Foreign ministers from Egypt, Ethiopia and Sudan kicked off negotiations in Kinshasa yesterday over Addis Ababa’s contested giant dam on the Nile, officials said.
The dispute over the Grand Ethiopian Renaissance Dam (GERD), built across the Blue Nile, has been simmering for around a decade.
Democratic Republic of Congo President Felix Tshisekedi, who became chairman of the African Union in February, urged the foreign ministers “to launch a new dynamic”. “I ask you all to make a fresh start, to open one or several windows of hope, to seize every opportunity,” he said.
He welcomed the willingness of the participants “to seek African solutions for African problems together”. Egypt and Sudan this month called on Kinshasa to steer efforts to relaunch negotiations on the contested dam.
For Tshisekedi, “The human dimension must be at the heart of these tripartite negotiations.” The people of all three countries have a right to water, food and health, he stressed. The US ambassador to the DR Congo, Mike Hammer, attended the start of the talks, which were set to wrap up today. The Nile, the world’s longest river, is a lifeline supplying both water and electricity to the 10 countries it crosses.
Upstream Ethiopia says hydroelectric power produced by the GERD will be vital to meet the energy needs of its 110mn people.
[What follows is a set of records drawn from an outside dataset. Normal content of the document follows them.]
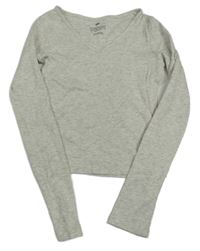 Sivé rebrované crop tričko H&M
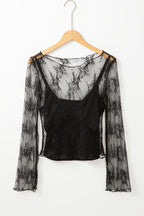 JUNIPER BLVD black lace mesh crochet blouse with long sleeves and a stylish design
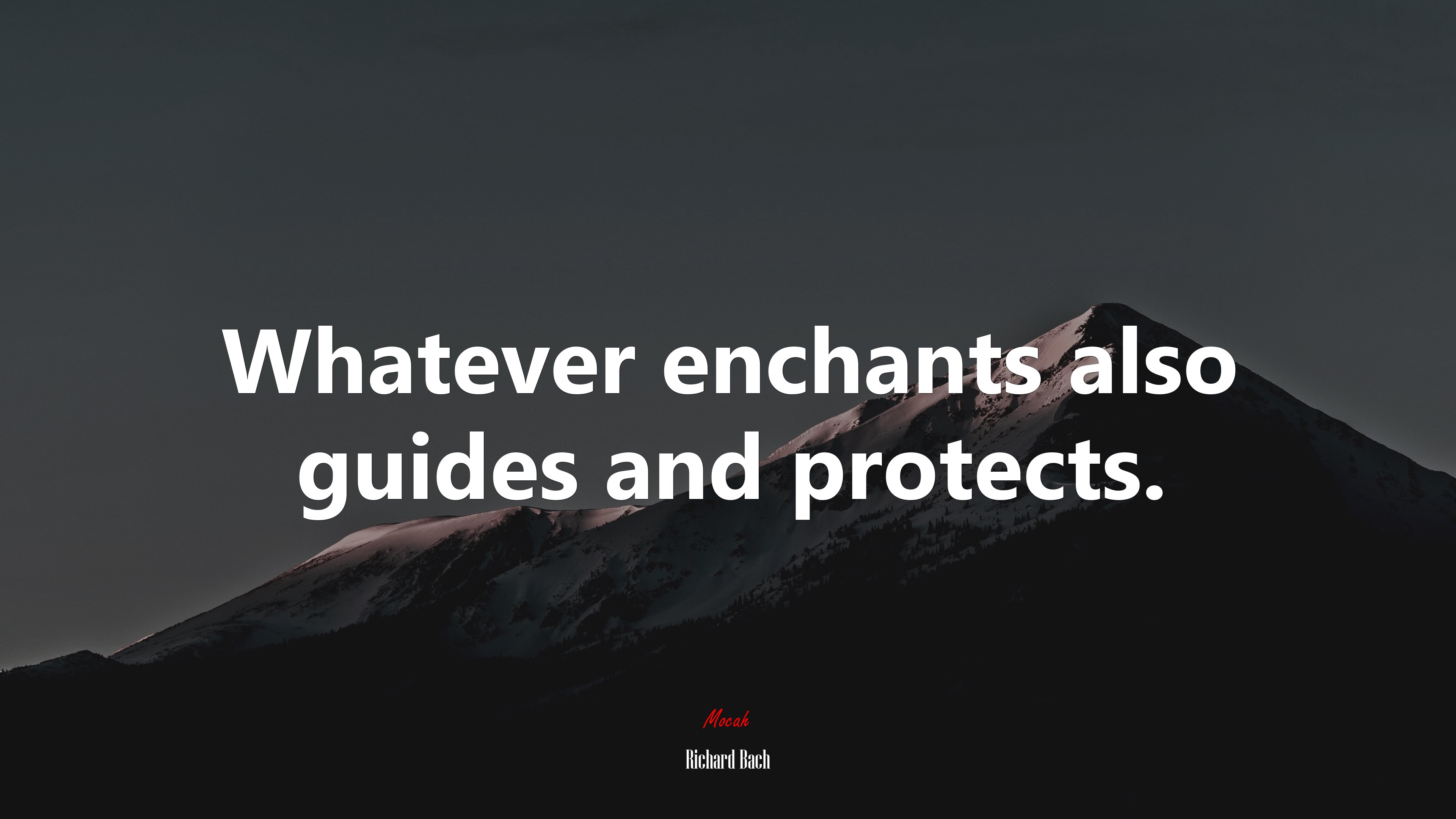 Whatever enchants also guides and protects. | Richard Bach quote HD Wallpaper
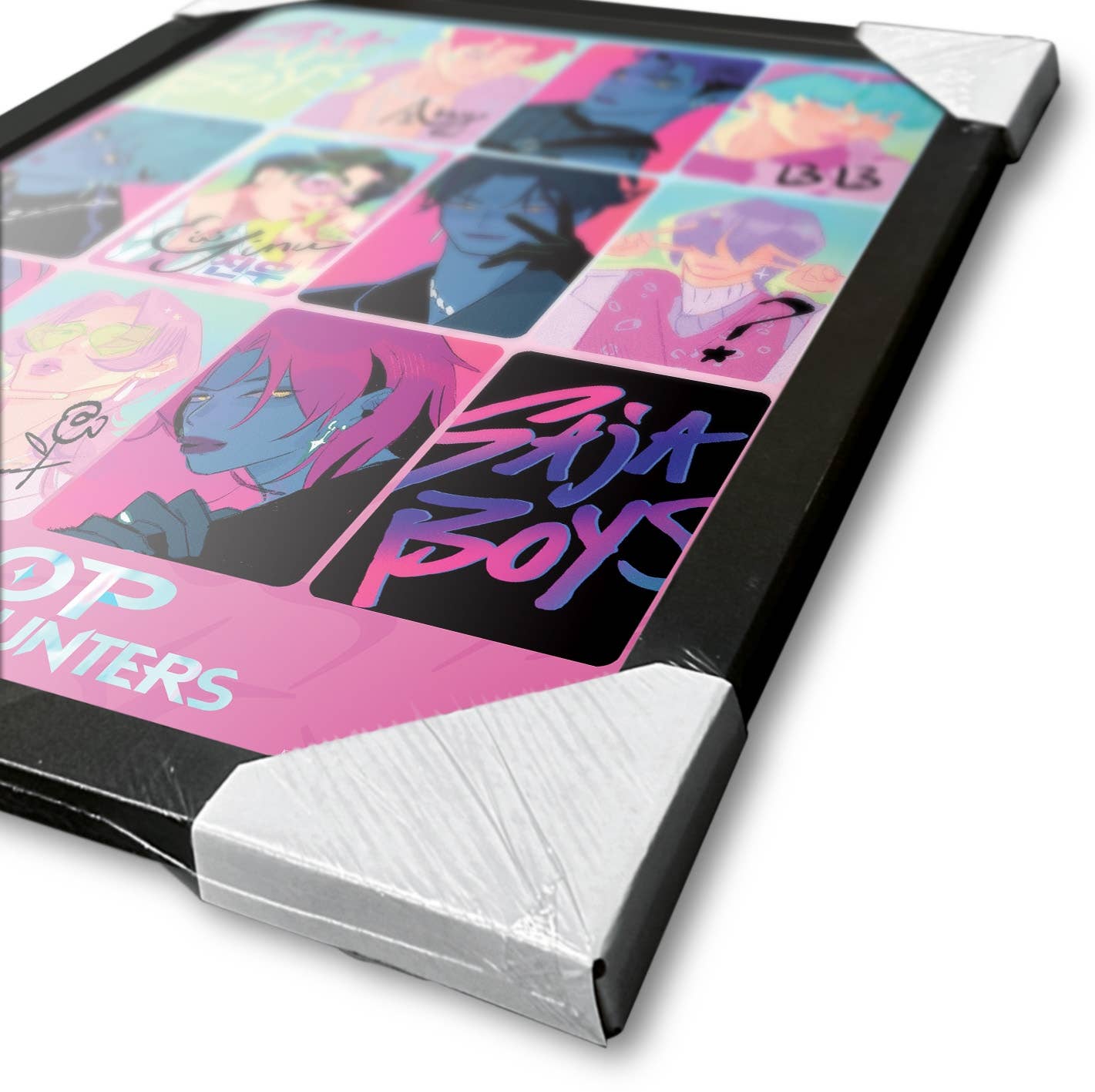 Colorful graphic design on a product packaging with text and character silhouettes.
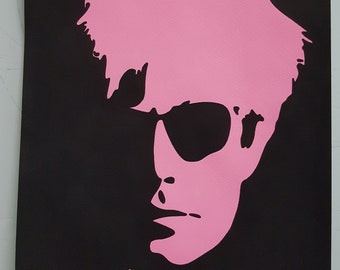 Andy Warhol. Andy Portrait. Watercolor on paper. Pop Art. Handmade. Vintage. Art. Watercolor Painting. Home Office Decor. Black Poster Wall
Egypt, which depends on the Nile for about 97% of its irrigation and drinking water, sees the dam as an existential threat.
Sudan, also downstream, fears its own dams will be compromised if Ethiopia proceeds with filling the GERD before a deal is reached.
Last Tuesday, Egyptian President Abdel Fattah al-Sisi stressed his country’s concerns, warning, “Nobody will be permitted to take a single drop of Egypt’s water, otherwise the region will fall into unimaginable instability.”